M. Étienne Mougeotte, vice-président de TF1, directeur général de l'antenne
Je vois
comme un clin d'oeil le fait que ce colloque se termine sur la question des
régulations, alors que ce matin-même le Conseil des ministres
débattait de la question des simplifications administratives...
Un responsable de chaîne de télévision opère selon
une série de contraintes : les goûts du public et leurs
évolutions, la recherche et l'organisation des talents dans tous les
domaines de programmes et enfin la réglementation et le contrôle
du CSA.
Après seize ans de privatisation de TF1, la question est de savoir si
cette réglementation et son application sont toujours adaptées
aux buts poursuivis, dans la mesure où, au cours de cette
décennie, nous avons connu une véritable inflation
législative et réglementaire.
Cette régulation exercée par le biais du CSA est parfaitement
légitime dans un certain nombre de domaines où elle a d'ailleurs
fort bien réussi, comme ceux du pluralisme politique et de la
déontologie de l'information, où les progrès ont
été considérables.
Des progrès très significatifs sont à enregistrer aussi
sur les questions de protection de l'enfance et de l'adolescence. La
signalétique a très largement été
améliorée, elle est un garde-fou en même temps qu'un appel
à la responsabilisation, de nous-mêmes et des parents.
De très importantes avancées aussi sont à enregistrer dans
le domaine de la lutte contre la publicité clandestine, ceci grâce
aux vigilances conjuguées du CSA et des chaînes.
Enfin, les règles et la régulation ont joué un rôle
très positif dans le domaine de la création
cinématographique et audiovisuelle. L'obligation faite aux chaînes
d'investir chaque année un pourcentage de leur chiffre d'affaires net
dans la création a contribué à créer un pôle
de production fort et très professionnel.

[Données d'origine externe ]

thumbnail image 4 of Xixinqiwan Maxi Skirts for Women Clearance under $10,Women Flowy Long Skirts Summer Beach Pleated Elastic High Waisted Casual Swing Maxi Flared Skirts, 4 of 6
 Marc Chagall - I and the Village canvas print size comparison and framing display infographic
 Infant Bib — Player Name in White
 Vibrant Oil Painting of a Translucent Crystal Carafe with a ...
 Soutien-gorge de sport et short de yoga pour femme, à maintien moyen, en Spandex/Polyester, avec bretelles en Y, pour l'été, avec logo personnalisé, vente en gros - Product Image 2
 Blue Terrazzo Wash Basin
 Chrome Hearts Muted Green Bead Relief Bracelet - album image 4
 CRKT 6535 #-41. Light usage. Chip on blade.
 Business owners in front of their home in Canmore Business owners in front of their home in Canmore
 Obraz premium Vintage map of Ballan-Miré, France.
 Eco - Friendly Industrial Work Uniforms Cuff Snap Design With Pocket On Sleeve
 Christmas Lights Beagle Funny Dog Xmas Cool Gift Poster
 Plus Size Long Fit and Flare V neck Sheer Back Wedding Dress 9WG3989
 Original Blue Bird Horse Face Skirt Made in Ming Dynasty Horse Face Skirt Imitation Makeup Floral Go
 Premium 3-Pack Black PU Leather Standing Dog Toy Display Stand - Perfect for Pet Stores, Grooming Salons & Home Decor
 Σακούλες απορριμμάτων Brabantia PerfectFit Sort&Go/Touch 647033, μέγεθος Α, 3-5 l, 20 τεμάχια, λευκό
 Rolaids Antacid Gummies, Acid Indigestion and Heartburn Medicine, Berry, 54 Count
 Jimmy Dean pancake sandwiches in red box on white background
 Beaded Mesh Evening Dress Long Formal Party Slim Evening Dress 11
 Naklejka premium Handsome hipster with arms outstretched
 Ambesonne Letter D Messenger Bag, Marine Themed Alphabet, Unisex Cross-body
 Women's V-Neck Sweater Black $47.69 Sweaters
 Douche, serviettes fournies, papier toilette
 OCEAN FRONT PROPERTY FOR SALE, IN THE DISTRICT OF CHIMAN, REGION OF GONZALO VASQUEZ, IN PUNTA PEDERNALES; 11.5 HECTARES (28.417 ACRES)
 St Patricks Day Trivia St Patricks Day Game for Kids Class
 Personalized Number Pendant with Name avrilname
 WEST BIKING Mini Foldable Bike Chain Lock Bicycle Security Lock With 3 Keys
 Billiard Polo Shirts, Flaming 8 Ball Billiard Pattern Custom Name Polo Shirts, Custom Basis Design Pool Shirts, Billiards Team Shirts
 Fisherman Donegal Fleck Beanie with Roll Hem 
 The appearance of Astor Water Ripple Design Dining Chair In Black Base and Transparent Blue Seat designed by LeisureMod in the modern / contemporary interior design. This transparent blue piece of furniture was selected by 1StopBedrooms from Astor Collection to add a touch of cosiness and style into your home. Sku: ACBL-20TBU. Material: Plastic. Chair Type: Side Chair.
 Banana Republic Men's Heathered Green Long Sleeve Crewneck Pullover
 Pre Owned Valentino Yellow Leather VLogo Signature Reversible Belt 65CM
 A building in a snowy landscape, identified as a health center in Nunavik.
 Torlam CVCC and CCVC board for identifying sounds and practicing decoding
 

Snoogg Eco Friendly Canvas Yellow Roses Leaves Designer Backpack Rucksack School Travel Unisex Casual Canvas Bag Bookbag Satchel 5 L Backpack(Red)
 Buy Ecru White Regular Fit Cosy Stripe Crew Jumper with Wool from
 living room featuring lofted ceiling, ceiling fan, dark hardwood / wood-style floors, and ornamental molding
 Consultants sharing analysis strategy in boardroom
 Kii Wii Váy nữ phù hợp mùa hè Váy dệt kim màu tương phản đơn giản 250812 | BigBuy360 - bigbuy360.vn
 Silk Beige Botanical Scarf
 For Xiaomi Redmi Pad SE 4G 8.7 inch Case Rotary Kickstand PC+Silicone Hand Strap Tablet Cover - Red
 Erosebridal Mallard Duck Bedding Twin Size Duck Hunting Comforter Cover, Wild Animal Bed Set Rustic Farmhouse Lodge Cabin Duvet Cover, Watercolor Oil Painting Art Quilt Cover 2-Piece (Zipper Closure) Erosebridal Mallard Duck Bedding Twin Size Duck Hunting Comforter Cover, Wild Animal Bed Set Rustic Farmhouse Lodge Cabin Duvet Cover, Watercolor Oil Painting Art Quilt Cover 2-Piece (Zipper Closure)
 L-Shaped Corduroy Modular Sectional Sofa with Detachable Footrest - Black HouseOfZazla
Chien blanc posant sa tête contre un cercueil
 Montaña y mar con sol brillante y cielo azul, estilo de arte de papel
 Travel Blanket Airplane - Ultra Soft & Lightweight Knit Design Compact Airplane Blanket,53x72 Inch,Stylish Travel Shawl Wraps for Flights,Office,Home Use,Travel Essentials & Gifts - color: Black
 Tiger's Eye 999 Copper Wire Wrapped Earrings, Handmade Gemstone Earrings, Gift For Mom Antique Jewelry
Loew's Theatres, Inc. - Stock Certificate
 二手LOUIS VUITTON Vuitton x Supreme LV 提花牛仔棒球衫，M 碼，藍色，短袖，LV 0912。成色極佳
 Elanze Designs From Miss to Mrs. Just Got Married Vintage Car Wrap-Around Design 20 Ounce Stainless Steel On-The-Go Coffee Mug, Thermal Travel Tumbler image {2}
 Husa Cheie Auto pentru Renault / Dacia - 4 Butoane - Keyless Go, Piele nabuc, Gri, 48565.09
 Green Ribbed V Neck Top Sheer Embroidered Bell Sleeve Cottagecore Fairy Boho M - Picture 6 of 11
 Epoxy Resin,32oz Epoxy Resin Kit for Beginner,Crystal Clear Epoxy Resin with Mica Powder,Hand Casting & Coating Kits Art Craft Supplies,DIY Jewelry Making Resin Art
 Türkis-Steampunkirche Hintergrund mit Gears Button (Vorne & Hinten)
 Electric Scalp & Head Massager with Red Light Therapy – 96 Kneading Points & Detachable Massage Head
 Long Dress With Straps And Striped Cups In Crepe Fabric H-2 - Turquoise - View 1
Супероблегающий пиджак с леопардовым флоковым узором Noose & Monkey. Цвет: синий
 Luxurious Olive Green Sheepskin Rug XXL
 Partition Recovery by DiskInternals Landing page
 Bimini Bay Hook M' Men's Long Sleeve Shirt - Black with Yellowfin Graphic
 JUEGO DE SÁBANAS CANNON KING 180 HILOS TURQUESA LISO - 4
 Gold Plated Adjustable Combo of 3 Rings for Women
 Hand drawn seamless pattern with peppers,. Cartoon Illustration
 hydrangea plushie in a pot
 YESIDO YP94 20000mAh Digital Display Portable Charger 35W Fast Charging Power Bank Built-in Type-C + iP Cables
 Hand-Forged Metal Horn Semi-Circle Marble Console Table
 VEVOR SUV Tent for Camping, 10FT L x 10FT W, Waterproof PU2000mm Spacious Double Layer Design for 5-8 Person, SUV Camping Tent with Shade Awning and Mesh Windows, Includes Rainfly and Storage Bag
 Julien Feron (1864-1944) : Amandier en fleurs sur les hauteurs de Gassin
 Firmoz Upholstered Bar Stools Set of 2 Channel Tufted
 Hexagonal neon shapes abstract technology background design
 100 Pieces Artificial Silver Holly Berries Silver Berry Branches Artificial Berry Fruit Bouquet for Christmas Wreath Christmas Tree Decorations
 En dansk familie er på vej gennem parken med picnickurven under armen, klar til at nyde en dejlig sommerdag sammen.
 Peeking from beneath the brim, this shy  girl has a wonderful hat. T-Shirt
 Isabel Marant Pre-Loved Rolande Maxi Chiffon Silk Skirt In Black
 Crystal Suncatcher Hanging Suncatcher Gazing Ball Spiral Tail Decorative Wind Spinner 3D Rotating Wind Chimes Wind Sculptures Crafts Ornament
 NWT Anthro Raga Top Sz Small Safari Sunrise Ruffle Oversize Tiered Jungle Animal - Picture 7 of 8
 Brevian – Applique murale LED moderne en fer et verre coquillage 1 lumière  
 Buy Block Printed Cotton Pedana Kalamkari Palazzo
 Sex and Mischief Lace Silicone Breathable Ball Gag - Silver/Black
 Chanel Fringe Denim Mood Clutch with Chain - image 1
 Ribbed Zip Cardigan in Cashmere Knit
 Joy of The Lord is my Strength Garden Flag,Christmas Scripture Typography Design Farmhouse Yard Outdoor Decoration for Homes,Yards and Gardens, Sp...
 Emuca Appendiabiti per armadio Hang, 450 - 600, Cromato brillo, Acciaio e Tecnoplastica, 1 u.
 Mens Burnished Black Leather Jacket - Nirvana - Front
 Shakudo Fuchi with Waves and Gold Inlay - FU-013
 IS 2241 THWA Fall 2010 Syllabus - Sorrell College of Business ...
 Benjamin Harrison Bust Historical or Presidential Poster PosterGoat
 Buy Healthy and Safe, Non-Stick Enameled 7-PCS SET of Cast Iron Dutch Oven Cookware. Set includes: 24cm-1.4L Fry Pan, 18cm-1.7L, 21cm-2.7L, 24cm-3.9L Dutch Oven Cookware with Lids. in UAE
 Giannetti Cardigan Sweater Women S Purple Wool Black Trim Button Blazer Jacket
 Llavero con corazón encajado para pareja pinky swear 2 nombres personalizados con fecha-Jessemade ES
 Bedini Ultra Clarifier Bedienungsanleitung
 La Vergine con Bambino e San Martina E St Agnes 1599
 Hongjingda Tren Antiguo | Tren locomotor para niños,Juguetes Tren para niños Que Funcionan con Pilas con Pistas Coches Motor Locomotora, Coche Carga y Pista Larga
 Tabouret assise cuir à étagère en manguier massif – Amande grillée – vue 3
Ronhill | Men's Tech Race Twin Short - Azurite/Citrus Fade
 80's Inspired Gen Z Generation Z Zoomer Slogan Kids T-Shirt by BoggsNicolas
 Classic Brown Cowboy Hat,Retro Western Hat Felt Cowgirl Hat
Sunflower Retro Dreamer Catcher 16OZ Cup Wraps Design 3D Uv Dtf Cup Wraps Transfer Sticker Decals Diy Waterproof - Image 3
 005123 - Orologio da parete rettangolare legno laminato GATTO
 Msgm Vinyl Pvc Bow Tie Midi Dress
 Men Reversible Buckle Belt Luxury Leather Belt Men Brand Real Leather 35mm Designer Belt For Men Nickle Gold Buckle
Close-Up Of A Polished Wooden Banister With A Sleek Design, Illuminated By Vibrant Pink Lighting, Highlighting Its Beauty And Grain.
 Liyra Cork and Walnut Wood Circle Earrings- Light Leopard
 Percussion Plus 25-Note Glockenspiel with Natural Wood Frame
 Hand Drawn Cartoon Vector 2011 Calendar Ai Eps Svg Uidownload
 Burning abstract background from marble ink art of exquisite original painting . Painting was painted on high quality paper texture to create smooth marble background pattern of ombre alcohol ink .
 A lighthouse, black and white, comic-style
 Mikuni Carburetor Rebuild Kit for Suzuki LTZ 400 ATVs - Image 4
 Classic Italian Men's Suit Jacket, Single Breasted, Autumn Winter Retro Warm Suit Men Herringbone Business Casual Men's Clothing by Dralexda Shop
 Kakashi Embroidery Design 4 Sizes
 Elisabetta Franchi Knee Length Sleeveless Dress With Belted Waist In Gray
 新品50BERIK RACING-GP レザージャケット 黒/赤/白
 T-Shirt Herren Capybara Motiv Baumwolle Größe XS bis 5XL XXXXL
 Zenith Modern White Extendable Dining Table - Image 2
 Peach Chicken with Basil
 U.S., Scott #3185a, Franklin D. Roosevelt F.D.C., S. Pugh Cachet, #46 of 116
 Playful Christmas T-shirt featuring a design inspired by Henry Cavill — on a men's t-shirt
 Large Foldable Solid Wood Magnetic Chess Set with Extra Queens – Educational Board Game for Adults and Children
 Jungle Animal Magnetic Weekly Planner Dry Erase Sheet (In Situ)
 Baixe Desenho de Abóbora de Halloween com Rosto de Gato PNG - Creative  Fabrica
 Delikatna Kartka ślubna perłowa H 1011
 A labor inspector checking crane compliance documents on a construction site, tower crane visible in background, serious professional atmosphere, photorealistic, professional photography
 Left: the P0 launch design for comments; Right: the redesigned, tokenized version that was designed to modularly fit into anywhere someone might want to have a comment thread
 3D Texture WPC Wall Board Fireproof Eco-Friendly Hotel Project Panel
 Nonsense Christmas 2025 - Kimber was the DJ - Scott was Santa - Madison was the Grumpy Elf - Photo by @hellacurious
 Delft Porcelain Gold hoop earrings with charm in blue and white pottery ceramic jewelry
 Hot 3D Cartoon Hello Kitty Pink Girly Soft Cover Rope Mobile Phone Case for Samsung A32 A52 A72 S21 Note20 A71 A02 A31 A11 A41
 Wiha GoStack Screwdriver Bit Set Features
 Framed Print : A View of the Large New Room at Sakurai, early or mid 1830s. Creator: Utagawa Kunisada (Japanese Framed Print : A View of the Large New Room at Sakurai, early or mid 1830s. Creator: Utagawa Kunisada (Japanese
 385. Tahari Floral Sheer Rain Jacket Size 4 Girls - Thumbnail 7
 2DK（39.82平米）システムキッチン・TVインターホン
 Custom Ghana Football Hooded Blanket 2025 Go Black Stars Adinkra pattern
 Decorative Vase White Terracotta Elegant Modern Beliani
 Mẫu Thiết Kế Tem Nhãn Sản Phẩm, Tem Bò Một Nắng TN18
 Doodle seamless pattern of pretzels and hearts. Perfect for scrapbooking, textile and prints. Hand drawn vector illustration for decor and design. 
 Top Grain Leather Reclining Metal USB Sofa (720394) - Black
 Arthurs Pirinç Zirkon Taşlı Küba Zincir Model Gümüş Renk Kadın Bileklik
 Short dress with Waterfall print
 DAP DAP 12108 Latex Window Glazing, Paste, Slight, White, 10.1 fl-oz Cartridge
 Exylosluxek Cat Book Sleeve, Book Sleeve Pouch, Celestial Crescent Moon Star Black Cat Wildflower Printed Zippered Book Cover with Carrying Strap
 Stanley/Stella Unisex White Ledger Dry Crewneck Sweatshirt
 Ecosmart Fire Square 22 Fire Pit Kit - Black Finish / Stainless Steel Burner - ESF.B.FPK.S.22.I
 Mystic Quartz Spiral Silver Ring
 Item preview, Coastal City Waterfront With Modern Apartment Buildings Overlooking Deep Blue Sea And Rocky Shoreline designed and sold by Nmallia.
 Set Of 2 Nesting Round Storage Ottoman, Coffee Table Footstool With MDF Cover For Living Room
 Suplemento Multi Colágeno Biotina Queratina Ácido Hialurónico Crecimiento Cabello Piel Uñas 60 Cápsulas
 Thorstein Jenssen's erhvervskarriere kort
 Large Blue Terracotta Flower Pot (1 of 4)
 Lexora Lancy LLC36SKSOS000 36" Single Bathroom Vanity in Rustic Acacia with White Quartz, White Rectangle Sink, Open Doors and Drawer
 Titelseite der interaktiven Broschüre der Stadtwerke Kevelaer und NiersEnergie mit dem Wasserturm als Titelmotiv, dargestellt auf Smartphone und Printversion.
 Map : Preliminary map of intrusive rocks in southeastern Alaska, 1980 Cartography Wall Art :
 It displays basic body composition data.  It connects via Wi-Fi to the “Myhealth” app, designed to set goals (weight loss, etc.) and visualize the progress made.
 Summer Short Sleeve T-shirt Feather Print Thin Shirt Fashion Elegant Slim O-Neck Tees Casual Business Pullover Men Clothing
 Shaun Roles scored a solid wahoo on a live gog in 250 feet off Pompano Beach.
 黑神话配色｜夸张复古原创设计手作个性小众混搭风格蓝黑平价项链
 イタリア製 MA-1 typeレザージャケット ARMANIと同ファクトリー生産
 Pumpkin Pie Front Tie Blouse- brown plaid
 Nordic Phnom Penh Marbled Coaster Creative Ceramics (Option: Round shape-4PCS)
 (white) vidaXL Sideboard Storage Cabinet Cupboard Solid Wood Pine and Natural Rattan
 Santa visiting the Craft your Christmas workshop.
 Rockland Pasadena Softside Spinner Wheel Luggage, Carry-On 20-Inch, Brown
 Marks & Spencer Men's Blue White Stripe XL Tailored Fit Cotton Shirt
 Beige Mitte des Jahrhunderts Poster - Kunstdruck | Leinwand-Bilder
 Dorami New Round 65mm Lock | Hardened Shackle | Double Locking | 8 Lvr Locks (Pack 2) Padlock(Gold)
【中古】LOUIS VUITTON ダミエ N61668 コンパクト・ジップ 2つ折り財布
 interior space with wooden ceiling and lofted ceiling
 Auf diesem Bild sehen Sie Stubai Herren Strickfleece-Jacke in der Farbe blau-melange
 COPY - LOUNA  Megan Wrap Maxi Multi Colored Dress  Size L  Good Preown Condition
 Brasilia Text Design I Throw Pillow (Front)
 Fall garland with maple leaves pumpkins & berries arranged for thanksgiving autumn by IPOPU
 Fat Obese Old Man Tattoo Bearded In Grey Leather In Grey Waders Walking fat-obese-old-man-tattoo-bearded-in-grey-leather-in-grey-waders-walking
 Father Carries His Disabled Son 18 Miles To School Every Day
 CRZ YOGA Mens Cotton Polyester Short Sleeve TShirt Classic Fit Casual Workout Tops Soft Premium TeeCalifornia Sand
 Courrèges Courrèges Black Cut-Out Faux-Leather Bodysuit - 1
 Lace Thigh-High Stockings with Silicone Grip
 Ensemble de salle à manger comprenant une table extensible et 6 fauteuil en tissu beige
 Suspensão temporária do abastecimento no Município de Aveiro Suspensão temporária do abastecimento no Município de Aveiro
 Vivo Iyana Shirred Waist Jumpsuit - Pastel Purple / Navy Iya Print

Je ne revendique donc nullement la liberté du renard dans le
poulailler... mais nous sommes arrivés en France à un point
absolument invraisemblable.
Ayons par exemple l'honnêteté de dire que le cinéma
traverse de vraies difficultés. Pour preuve, remarquons que l'audience
des films français à la télévision diminue de
manière régulière. Les grandes chaînes diffusent
moins de films en
prime-time
qu'elles ne l'ont fait par le passé.
La situation est étonnante : les mêmes qui critiquent la
dépendance du cinéma à l'égard de la
télévision ne cessent de réclamer l'augmentation des
obligations à la charge des diffuseurs. Ce n'est pas en
« chargeant le baudet » que le cinéma se portera
mieux, d'autres solutions sont certainement à envisager.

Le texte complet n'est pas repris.